When Paul Volcker took over the reins of the Fed, the health of the US economy was “bad”. Indeed, 1979 ended with a double-digit inflation rate of 13.3%. Do you remember stagflation?
President Volcker realized that money matters, and it didn’t take long for him to act. On Saturday October 6, 1979, he stunned the world with an unexpected announcement. He proclaimed he was going to put money supply measures on the Fed’s dashboard. For him, it was obvious that, in order to put the US economy back in good health, inflation had to be wrung out. And, to kill inflation, we would have to control the money supply.
Volcker has achieved his goal. In 1982, the annual inflation rate fell to 3.8%, which is a great achievement. But the problem was that Volcker’s compression of inflation resulted in a relatively short (less than a year) recession that began in January 1980, and another more severe crisis that began soon after and ended. in November 1982.
Paul Volcker’s problem was that the monetary altimeter installed on his dashboard was faulty. When my friend Volcker looked at his M2 gauge, it was showing M2 data which was calculated by a simple summation of their components – the normal Fed procedure. As the chart below shows, the Fed felt that the double-digit federal funds rates it designed allowed it to exploit the money supply brakes with just the right amount of pressure. In fact, if the money supply had been correctly measured by a Divisia metric, Volcker would have realized that the Fed was not just hitting pauses, but needlessly crushing them from 1978 until early 1982. The Fed was enforcing pauses. a monetary policy that was much tighter than he thought — an excessive tightening that resulted in two recessions.

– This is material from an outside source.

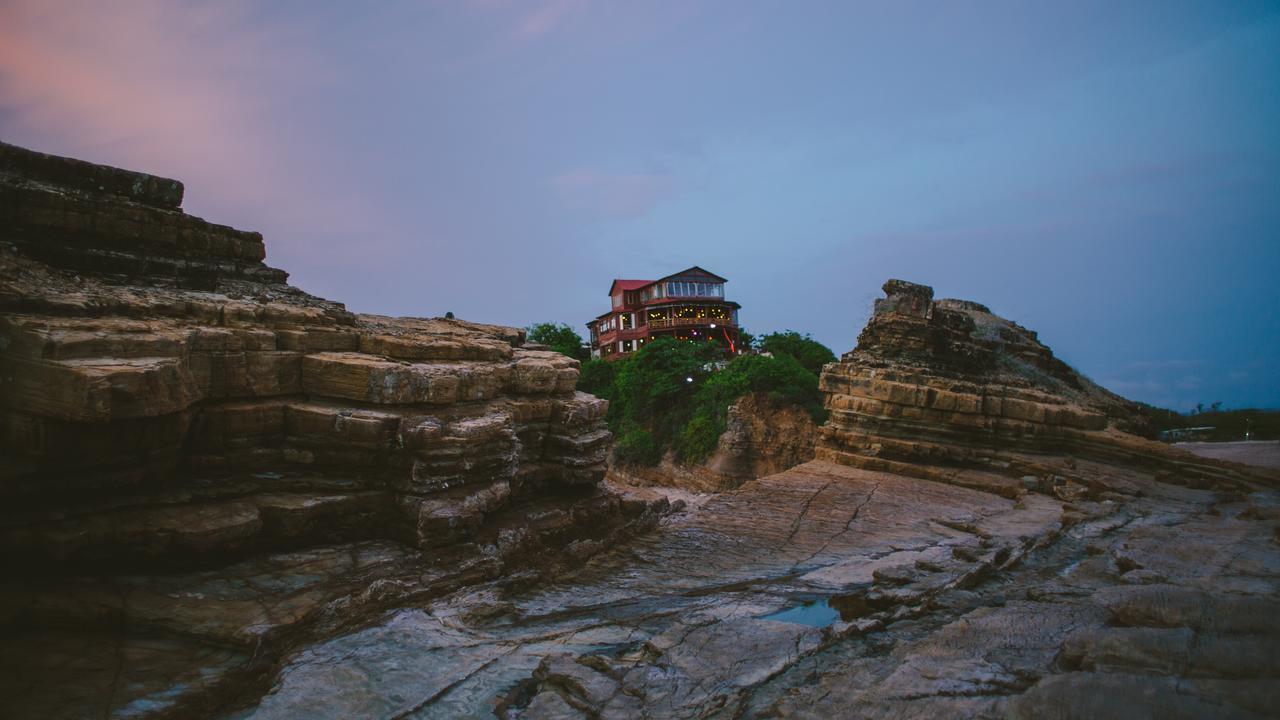 Magnific Rock - Surf Resort & Yoga Retreat Nicaragua Popoyo Exterior photo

Why the huge discrepancies between the standard single-sum measurements of M2 that Volcker observed and the true Divisia M2 measurement? As the Fed raised the federal funds rate, the opportunity cost of holding cash increased. As a result, retail money market funds and term deposits, for example, have become relatively more attractive and have been given a lower weight when measured by a Divisia metric. Faced with a higher interest rate, people had a much greater incentive to avoid “large” cash and current account balances, choosing to keep their funds in relatively high-yielding assets. As the federal funds rate increased, the gap between the single sum measures and Divisia M2 widened.

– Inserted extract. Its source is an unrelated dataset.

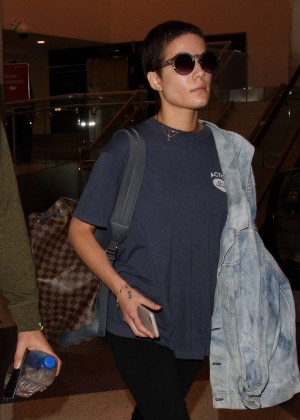 Halsey - Arriving at LAX Airport in LA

Sadly, the data issues associated with Volcker’s monetary experiment were overlooked by the Fed. Indeed, as Bill Barnett concluded in his book Getting It Wrong: How Faulty Monetary Statistics Undermine the Fed, the Financial System, and the Economy: As the complexity of financial products increased, the quantity and quality of the Fed’s data declined. Fortunately, we have a reliable alternative for delivering high-quality money supply data: the Center for Financial Stability.
Where are we today ? As shown in the graph below, the growth rate of Divisia M4 is 4.2% y / y. This rate is a bit low. Indeed, it is lower than it has been in the past year, and it is also lower than its trend rate of the past 30 years of 4.9%. This suggests that the unwinding of the Fed’s balance sheet resulted in a somewhat “tight” monetary position.

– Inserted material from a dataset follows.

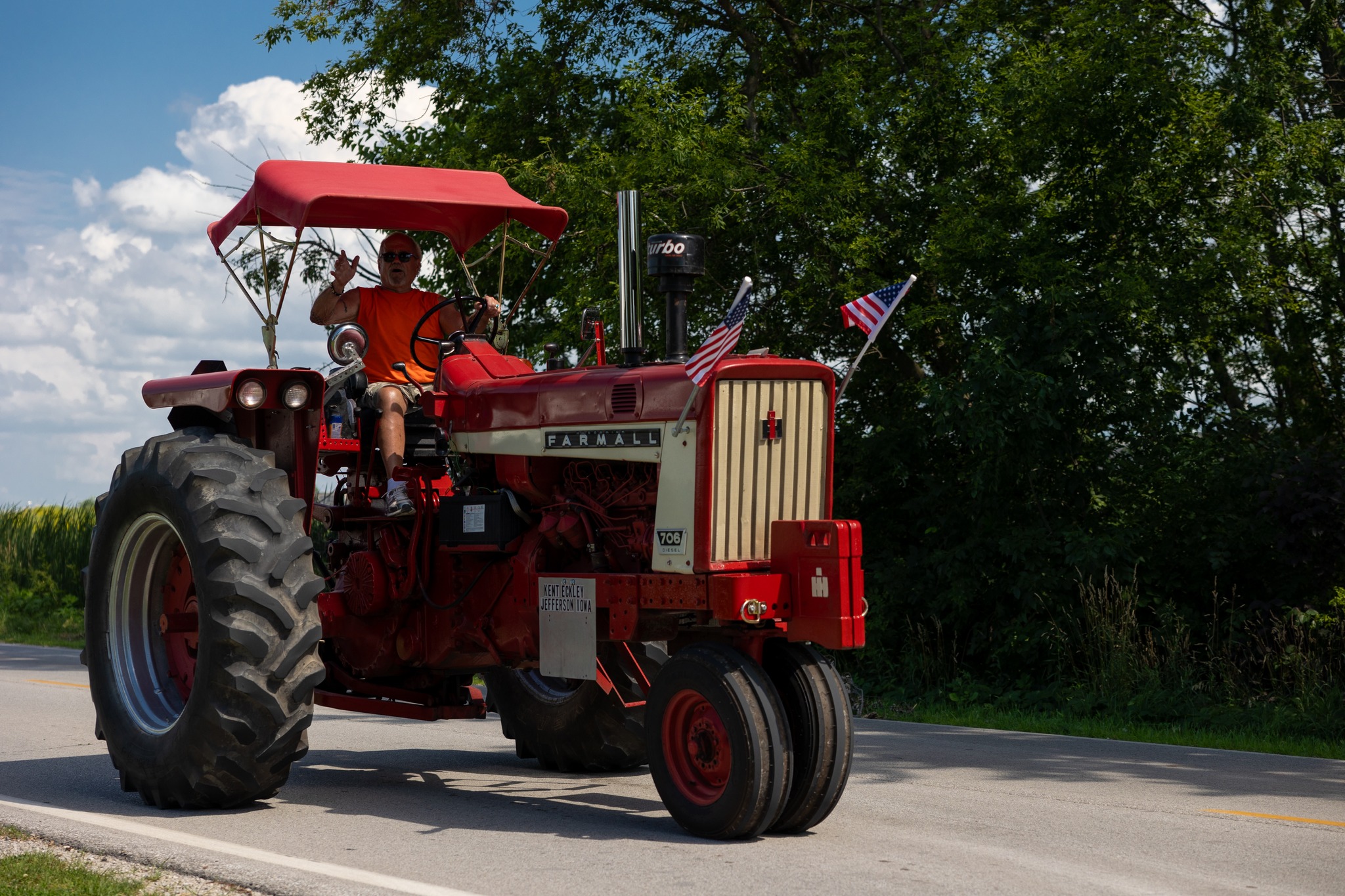 WHO Great Iowa Tractor Ride... - WHO Great Iowa Tractor Ride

If we look at aggregate demand measured in nominal terms, it is holding up rather well (see graph below). At a rate of 5.65% per annum, nominal aggregate demand, as measured by final sales to domestic purchases, is above its 30-year trend rate of 4.82%. So for now, things are looking pretty good. But, a monetary storm cloud would develop if the Fed faltered and slipped into a quantitative tightening mode. Without Divisa M4 on the Fed dashboard, the Fed might not be aware of the storm that’s building on the horizon.